Библиотека насчитывала около полутысячи книг: Байрон, Шатобриан, Шпильгаген, Диккенс, Вирхов, Фогт, Дарвин, Милль, Спенсер, Прудон, Луи Блан, Мордовцев, Помяловский, Щедрин, Тургенев, Берви-Флеровский, Миртов-Лавров, Шелгунов, Чернышевский… Как видно, литература по социальным вопросам была представлена довольно внушительно, если учесть время и место.
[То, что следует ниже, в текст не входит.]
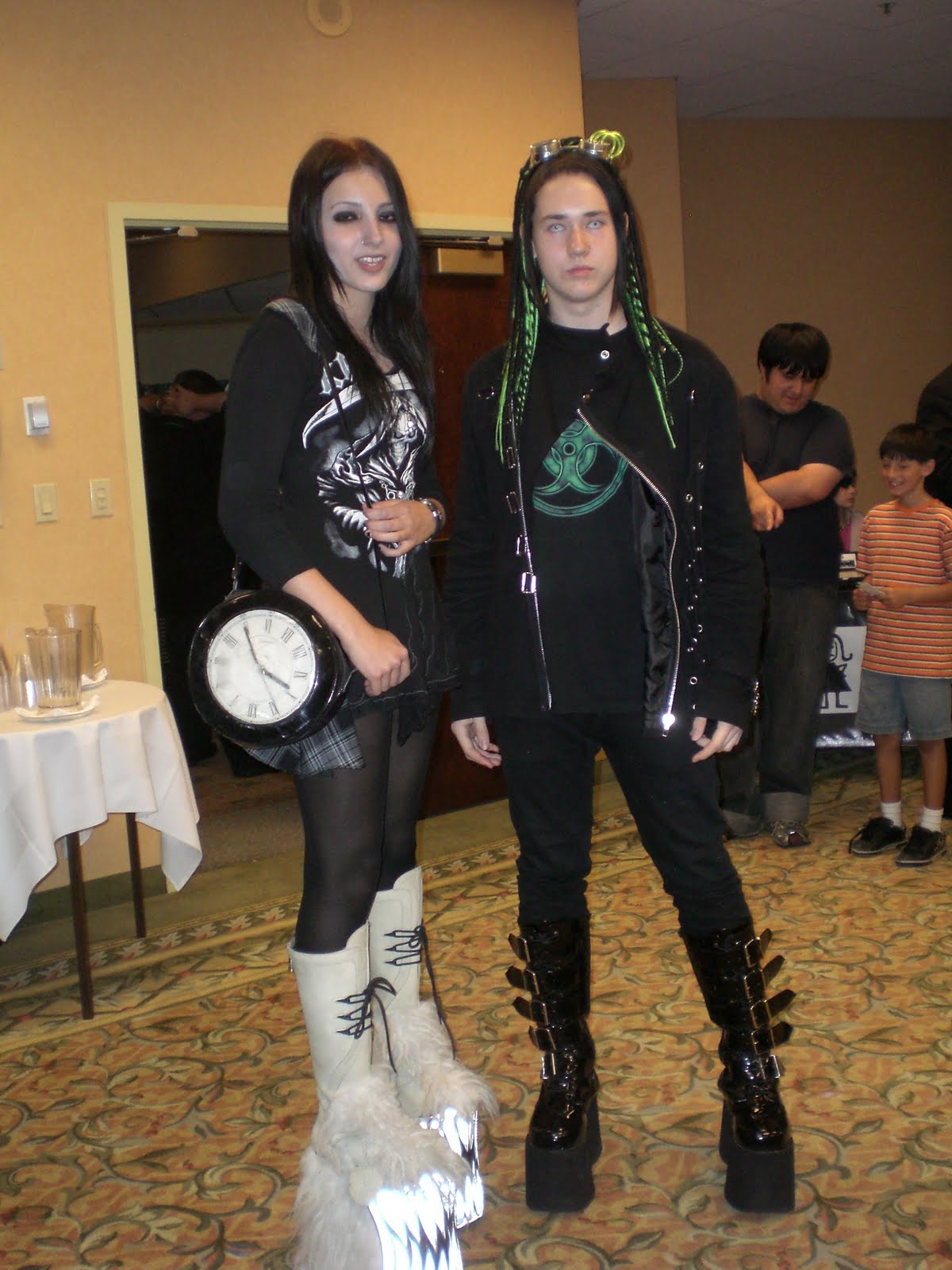 Midnight in the Garden of Evil Bat's Day and the Black Market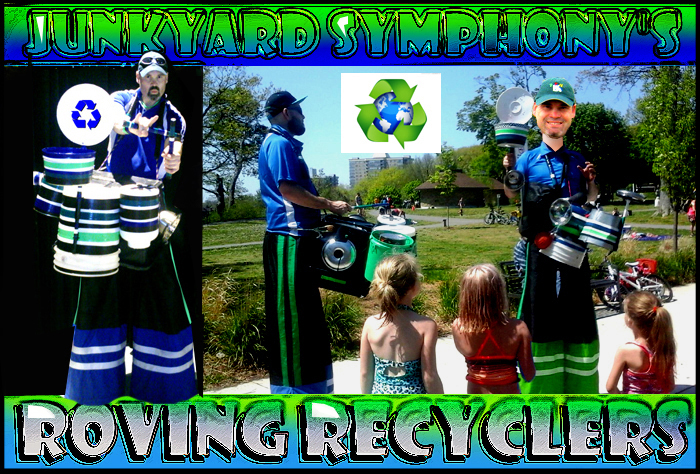Junkyard Symphony's Roving Recyclers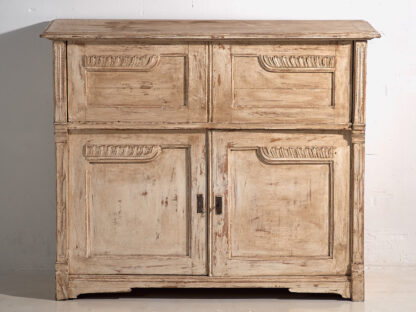 Antique white desk chest of drawers (c.1920)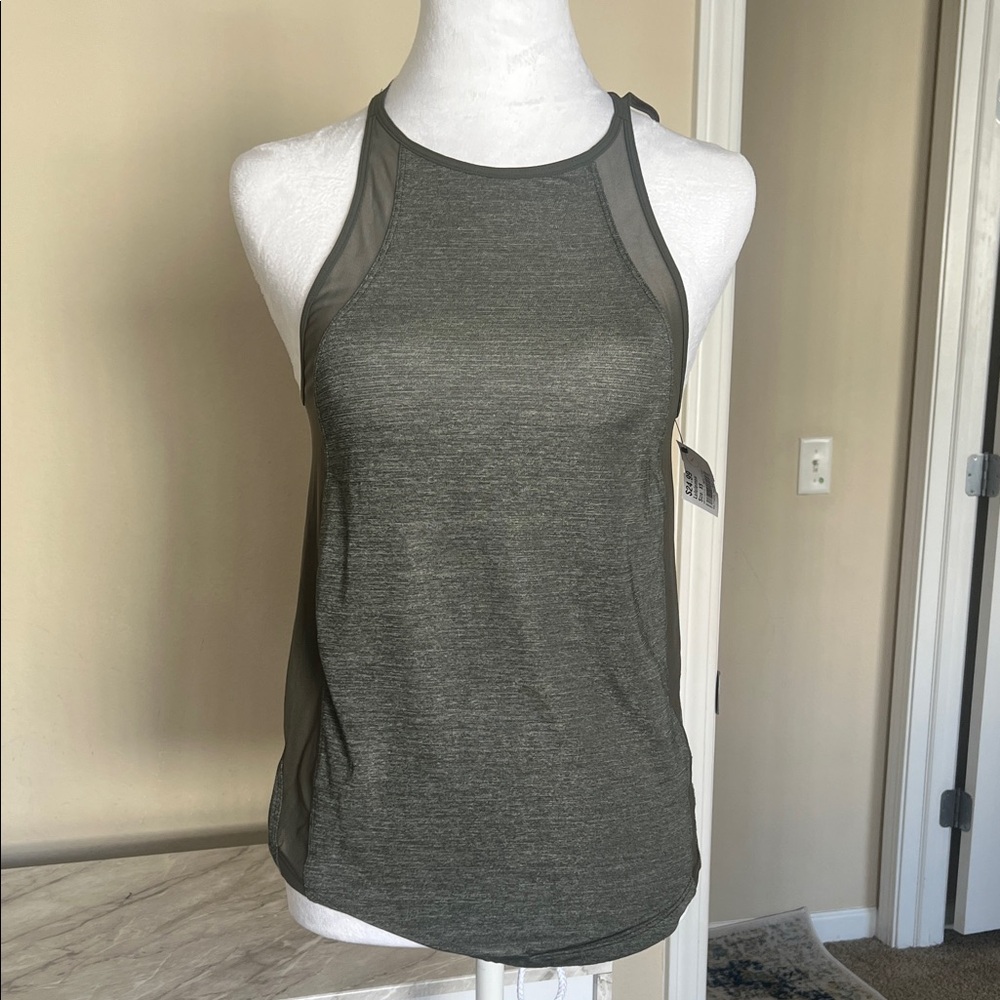 Lululemon Green Sleeveless Top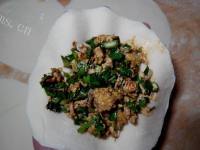 美味豆腐韭菜盒子做法图解10)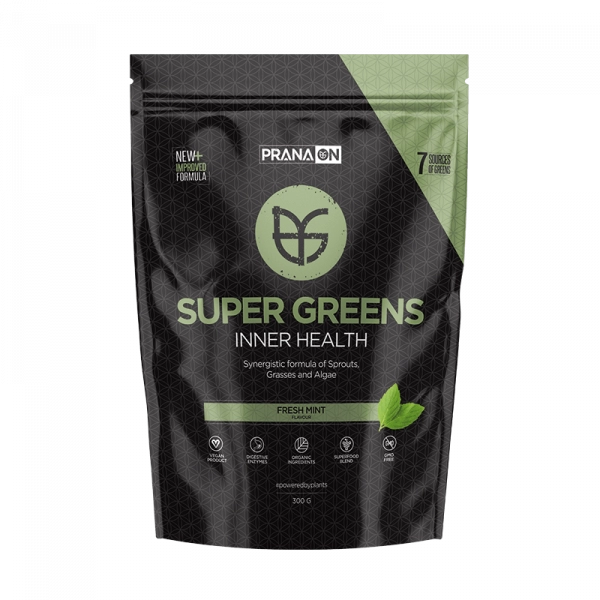 PRANA Power Super Greens - Mint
Книжное имущество аккуратно хранилось в нескольких небольших деревянных сундучках, удобных для переноски. Прятались они разрозненно в разных тайниках основного здания и служебных помещениях: чердаках, подвалах, в училищной больнице, бане, мастерских, стойлах для скота и сеновала на хоздворе. А в самой семинарии ее ухитрялись маскировать среди книг фундаментальной и ученической библиотек, под алтарем домовой церкви. Допускались к пользованию тайной библиотекой по рекомендации и поручительству трех товарищей из ее актива, учет выдачи книг велся по памяти — никаких формуляров не заводилось.
Нашлись рекомендатели и поручители за Дмитрия Мамина. Новое чтение бурно ворвалось в сознание молодого человека, твердо решившего заниматься самообразованием.
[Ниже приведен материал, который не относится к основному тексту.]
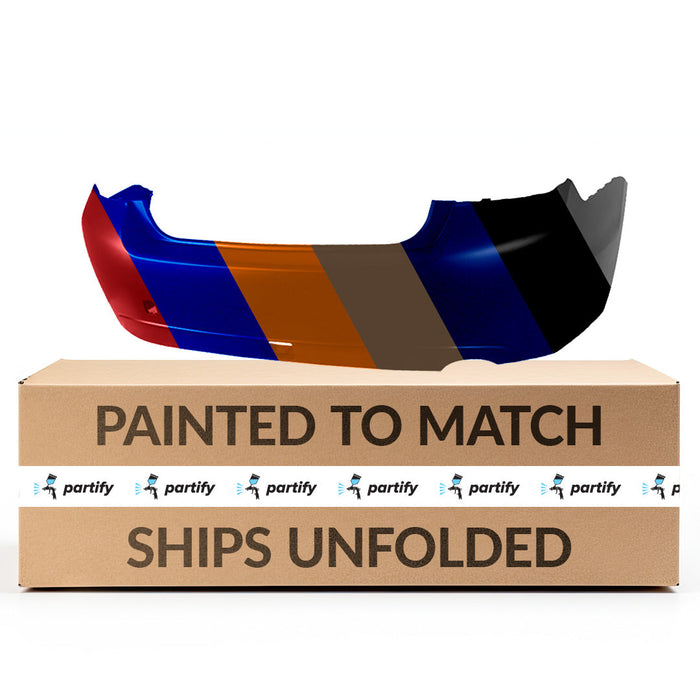 Subaru Impreza Base/i/I Limited/I Sport/Limited/Premium/Touring CAPA Certified Rear Bumper All Smooth Sedan - SU1100167C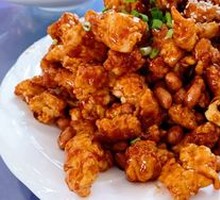 酱爆五仁鸡丁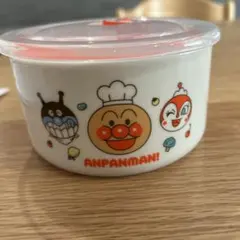 アンパンマン　陶器　密閉容器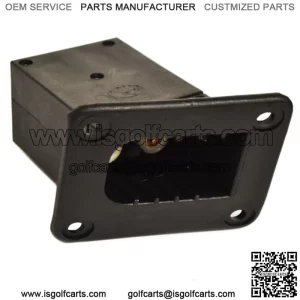 36 Volt Charge Receptacle Fits EZ-GO EZGO TXT / Medalist 1996 and Up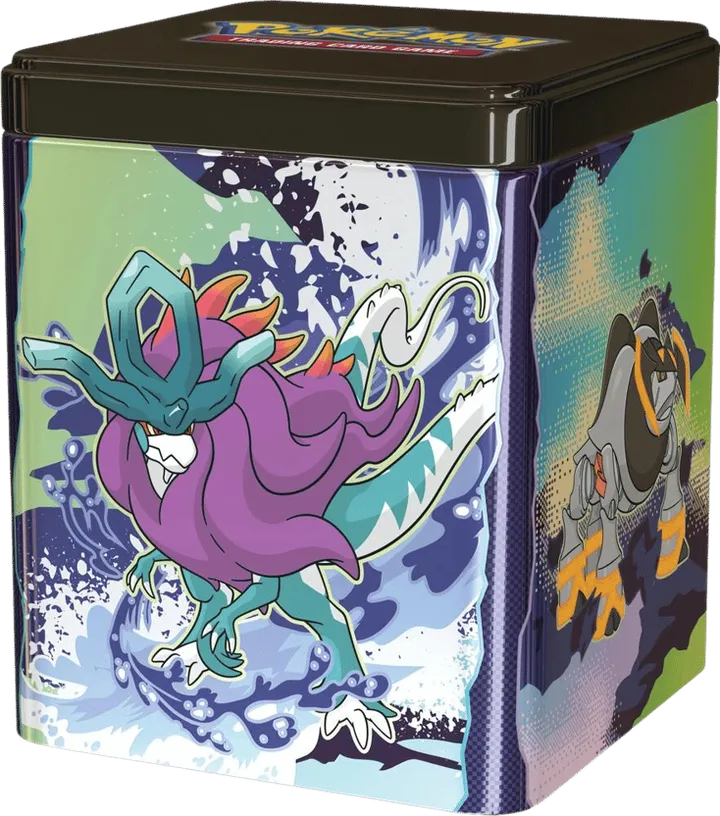 Pokémon Stacking Tin: Paradox Pokémon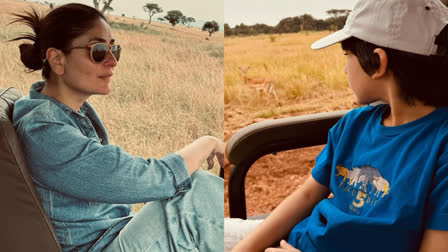 Kareena Kapoor Khan shares pictures from Tanzania trip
В письмах домой усиливается критическое начало в отношении к окружающим обстоятельствам. Напор его настолько силен, что всегда почтительный сын не очень щадит родительских чувств и прекрасно известного ему родительского образа мыслей.
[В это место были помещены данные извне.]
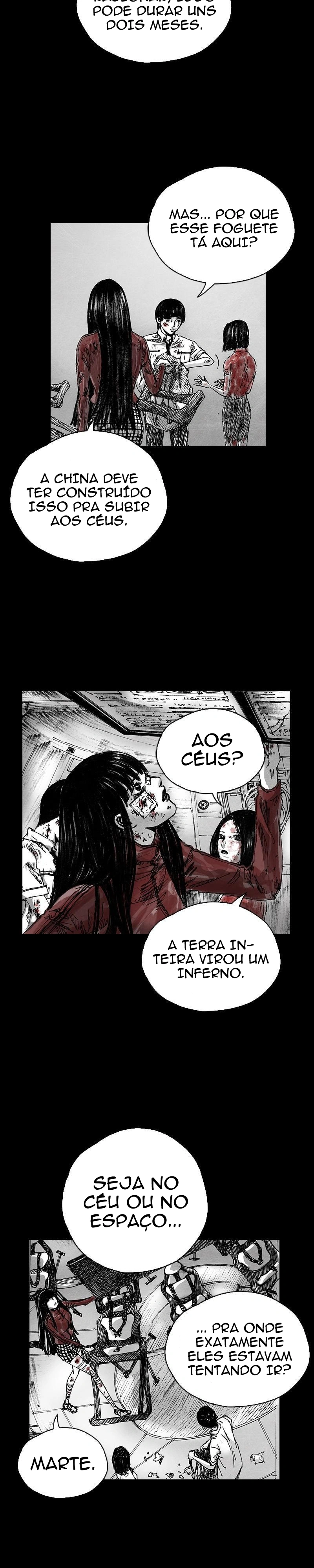 Céu Distante Capítulo 81 Página 14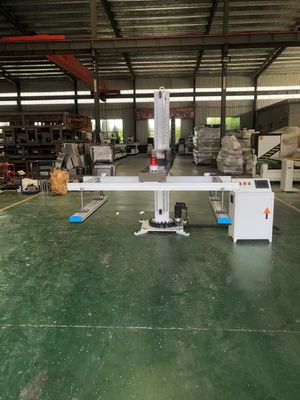 Máquina de moldeo de puertas de madera de doble línea de alta capacidad 2000 kg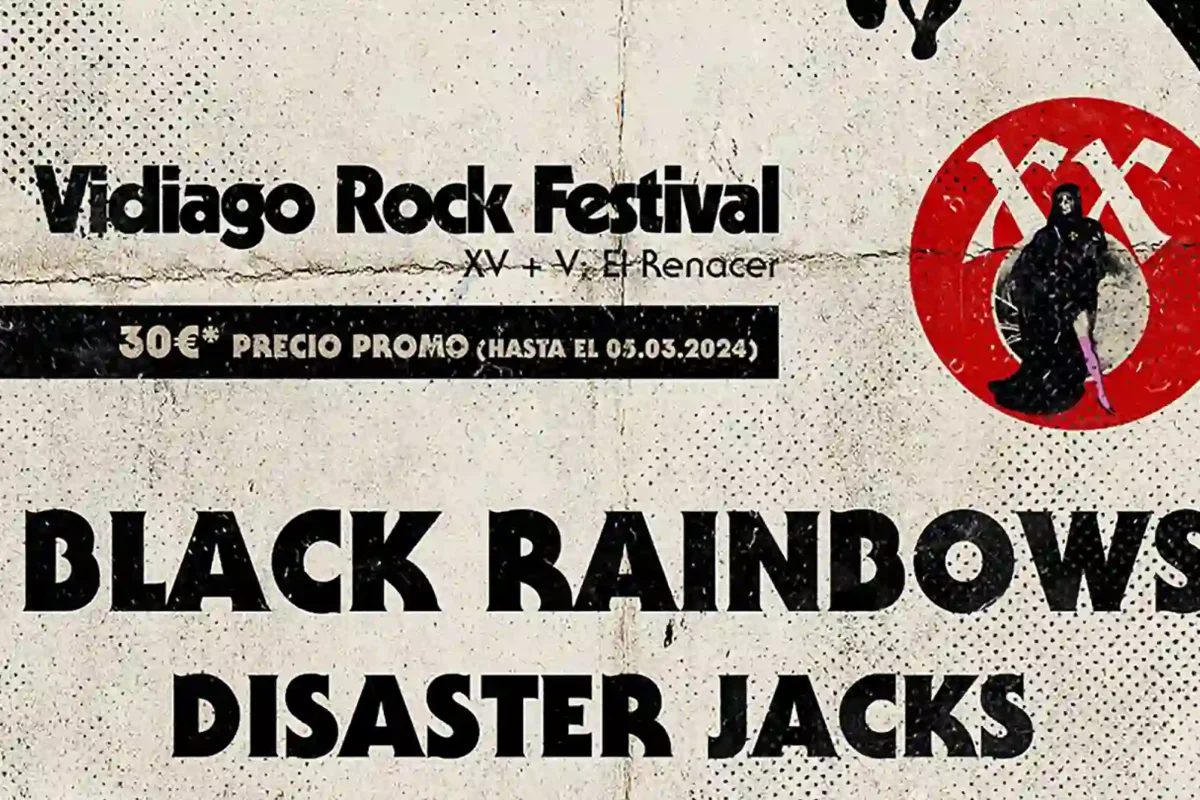 Primeras confirmaciones de la decimoquinta edición del Festival Vidiago Rock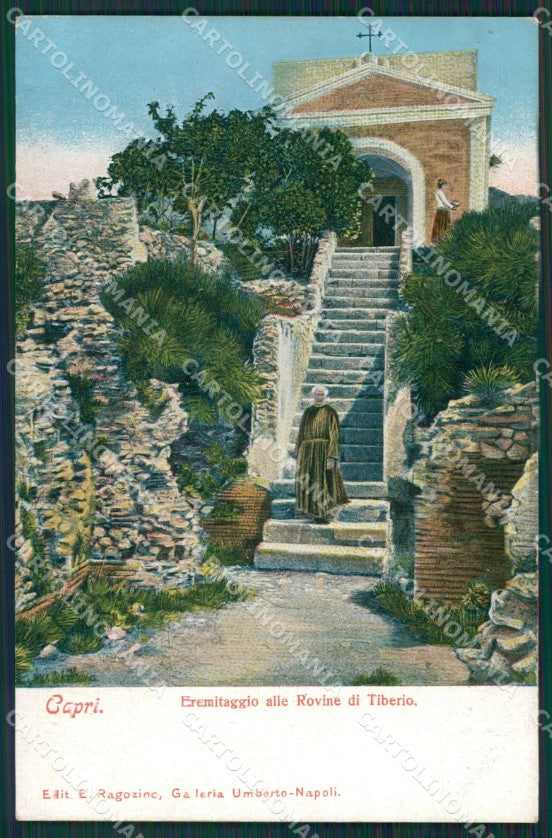 Napoli Capri cartolina KV2291 – fronte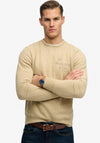 Superdry 1954 Company Sweater, Beige Marl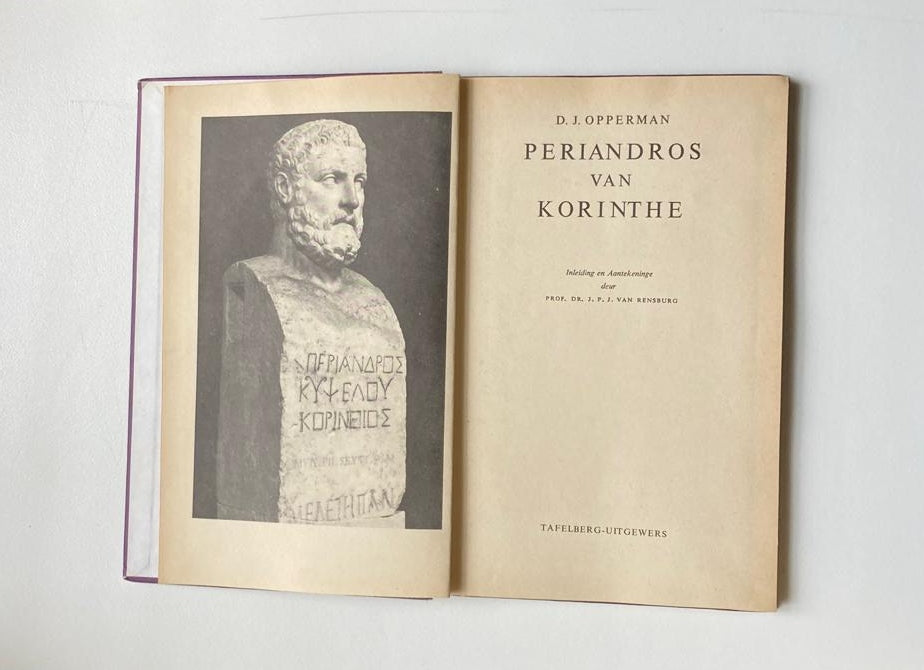 Periandros van Korinthe - D.J. Opperman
В письме конца 70-го года Дмитрий о себе сообщает, что «он более читал, чем занимался, но не думайте читал романы, — нет, я читал почти все книги серьезного содержания по естествознанию и благодаря этому чтению приобрел знания, которые не имел раньше». И в этом же письме он пускается в длинные рассуждения о влиянии среды на личность — все в духе Бокля и Писарева. Видимо, на жалобы, вызванные пьянством брата Николая, Дмитрий отвечает сентенцией такого рода: «Возьмем какого-нибудь щенка, выкормим его и отдадим его дрессировать какому-нибудь дураку, — что же получится в результате такого воспитания. А то, что мы вынуждены будем краснеть за его неумение, и сколько мы ни тратили бы красноречия и побоев, чтобы направить его на тот путь истины, но уж будет поздно — и нам все-таки останется краснеть. Но кто, спрошу я, виноват в этом: щенок, воспитание или дурак-учитель? Этот вопрос представляю решить вам самим, но со своей стороны скажу, что таких бедных недоучившихся щенков, право, совестно обвинять в глупости. Особенно мне неприятно слышать (тут прямой выговор отцу. —
Особенно в письмах домой достается ненавистной семинарии: «Да, много сил, даже слишком много тратилось и, может быть, долго будет тратиться понапрасну на изучение мертвечины».
И вот что уже новое. Передавая настроения, захватившие известную часть семинарской молодежи, Дмитрий не раз в письмах обмолвится о бессмысленности здешнего учения: «Право, я не знаю, что вы ожидаете от меня, если оставляете в семинарии. Ведь она много ли мне дала пользы-то? Оттуда она всякого отучит, а чему хорошему научит?» Здесь он, представляется, давал отпор родителям, требовавшим от него добросовестной учебы и благополучного окончания семинарии. Дмитрий не преминул сообщить им также, что лучшие ученики четвертого класса покидают семинарию и уходят в университеты и прочие высшие учебные заведения.